Risi spiega che il clima in cui si svolsero le riprese fu molto particolare, ma cambiò significativamente tra Napoli e Torre Annunziata. Nella città partenopea, le riprese si svolsero in un clima quasi idilliaco, dato il solenne rispetto verso Siani, tanto è vero che ricorda una vicenda avvenuta durante una scena in cui il giornalista girava con la sua Citroen Mehari verde a Napoli: ”l’auto fu vista e riconosciuta da un signore in moto, che subito si fermò e chiese cosa stessimo facendo. Quando seppe che era un film in onore di Giancarlo disse  -mi raccomando, dite al regista che lo facesse bene questo film-.

Altra storia per la provincia, dove la percezione per tutti i componenti della troupe era diversa, sembrava ci fosse una certa diffidenza, quasi un fastidio. Fastidio che Risi racconta di aver notato soprattutto durante la presentazione del film a Torre, dove ricorda che quando il film finì, l’intera sala si alzò in piedi e iniziò ad applaudire, tranne tre persone, sedute al centro, che con braccia conserte e aria di sfida, guardavano ferme ciò che stava accadendo”.

Guardare Fortàpasc e non rimanere coinvolto emotivamente sembra impensabile. Un film che è molto più del racconto di come è morto Giancarlo Siani, ma che mostra il lato umano, vulnerabile, di un ragazzo semplice e con tanta voglia di vivere, che a soli 26 anni aveva come obiettivo quello di scrivere, raccontare, sperando solo di mettere nero su bianco la realtà che lo circondava, sulla quale aveva indagato e che aveva bisogno di divulgare a quante più persone possibili. Un gesto che oggi da molti viene considerato onorevole ma che dovrebbe essere semplicemente la normalità.

Sono passati trent’anni, la tecnologia si è evoluta, i giornali si sono moltiplicati, come testimoniano i migliaia di articoli che escono ogni giorno.
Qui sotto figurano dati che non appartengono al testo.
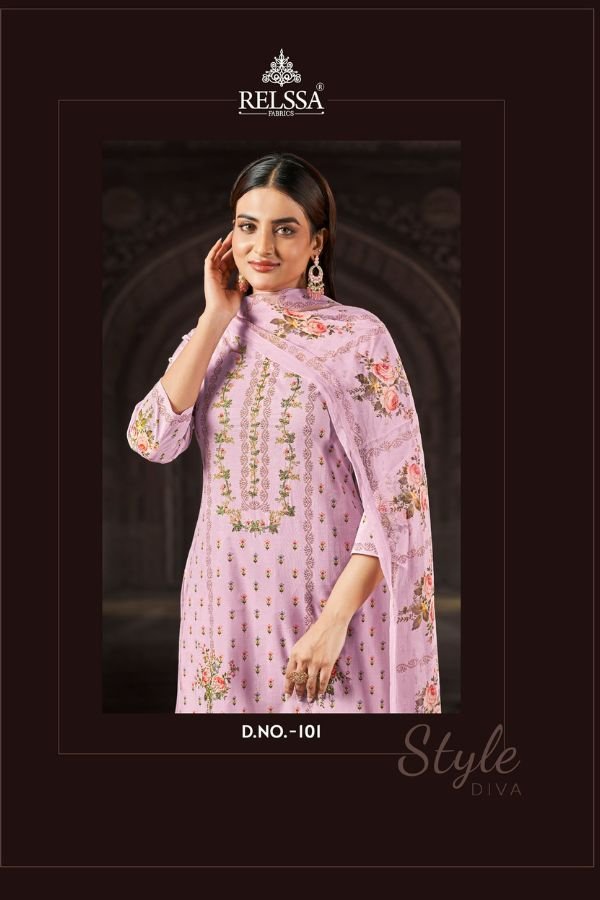 Relssa Fabrics Aliza Superior Cotton Lawn Ladies Suit 101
Ma dagli articoli di Siani, dal racconto delle verità più nascoste, la stampa ha davvero fatto dei passi avanti? A questa domanda lo sceneggiatore, Andrea Purgatori risponde in modo duro come spesso è la realtà, che tuttavia è l’unica cosa da conoscere necessariamente:

Ovviamente la stampa è regredita dalla morte di Siani, questo è un paese in cui il potere non ama l’informazione libera indipendente, questo è un paese in cui chi ha una solidità economica, vuole comprarsi un giornale, perché gli conviene. Questo produce una regressione, le vere inchieste non si fanno più. Eppure l’inchiesta è ciò che consente all’informazione di andare a fondo nelle cose, si cerca di capire perché, ma se questo lavoro non c’è più, tutto viene bruciato e macinato nella quotidianità”.
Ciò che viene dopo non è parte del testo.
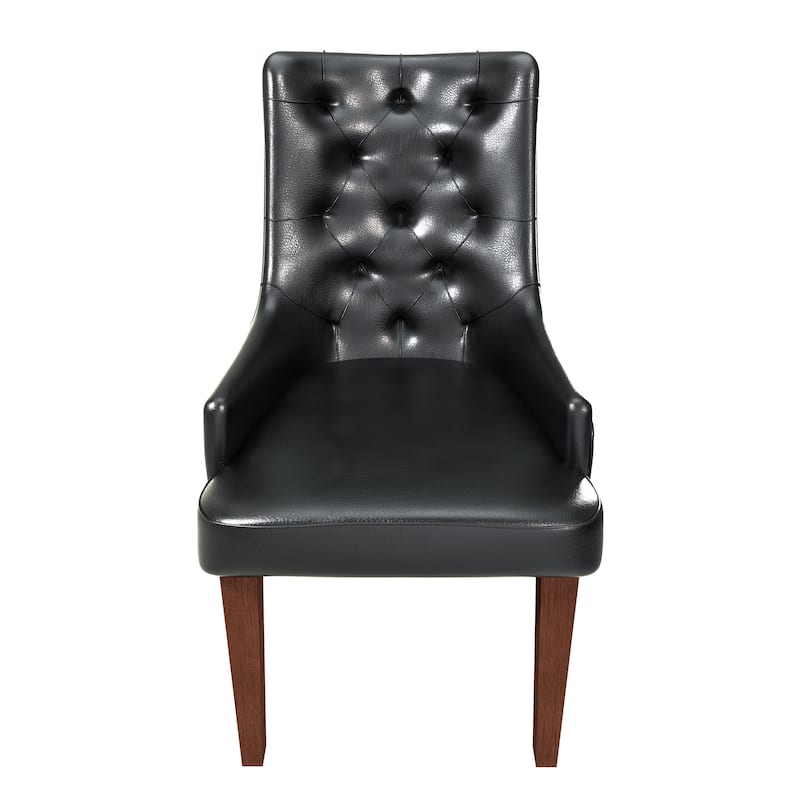 Dining Chair in Leather/Velvet Diamond-Tufted Design Side Chair in Rubberwood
In un momento storico in cui tutto sembra scivolarci addosso è d’obbligo chiedersi se questi film servano davvero a sensibilizzare  chi li guarda. Purgatori è convinto di sì, e ripone nei giovani la speranza. Essi “devono sfidare il potere a non nascondergli la verità”.

Proprio come credeva Siani, che in una delle scene finali del film, risponde ad un ragazzo che esternava la propria mancanza di speranza, La speranza siete voi”.